I’ll be sitting in a chair, plush but a little too big for me, before an even grander throne. One glance at that glorious face, and I’ll instantly know beyond any doubt that I’m a worm. Illuminated by God’s full, uncontained light, my eyes will wonder down to the floor, then to my feet, then my hands. I’ll see in the starkest contrast the reality of my life, which was always there but to which I was always able to mentally fortify myself before. Aside from the more obvious sins that I already recognized as sins, I’ll see with crystal clarity that my relationship to God’s creation was basically parasitic, that what I considered my greatest acts of kindness and charity really amounted to so much ego scratching,  that the relationships which I called loving were essentially self-serving.

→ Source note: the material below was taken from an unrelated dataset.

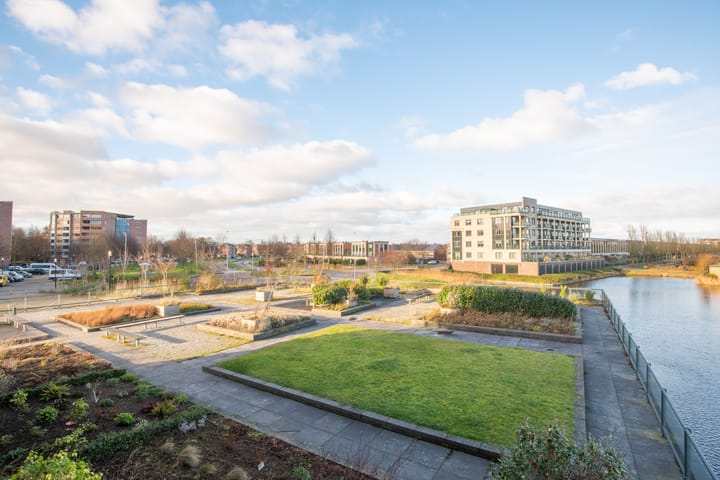 Foto 35 van Simon Carmiggeltstraat 13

And the Glory of all glories, the Lord of all lords, at whose beckoning stars burst and heavens crumble, will slowly stroll over to me and look me straight in the eye. I’ll want to look away from the white-hot glow of that face, but somehow I won’t be able. Seeing that the verdict is approaching, I’ll hear my dry mouth shout, “Please! Send me to the fire-y furnace. I’ll breathe sulfur! I’ll shovel granite! I swear! It’s all I’m worth! Just please don’t make me gaze on your glory any longer!”

But not uttering a single word, the alpha and omega, the Lord of hosts, the maker of all that is seen and unseen, will wrap a towel around his waist, kneel down, and wash the feet of this self-serving, parasitic, knave. And I’ll have to watch him do it. And I’ll have to deal with the terror and the pain of knowing that all along it should’ve been me washing his.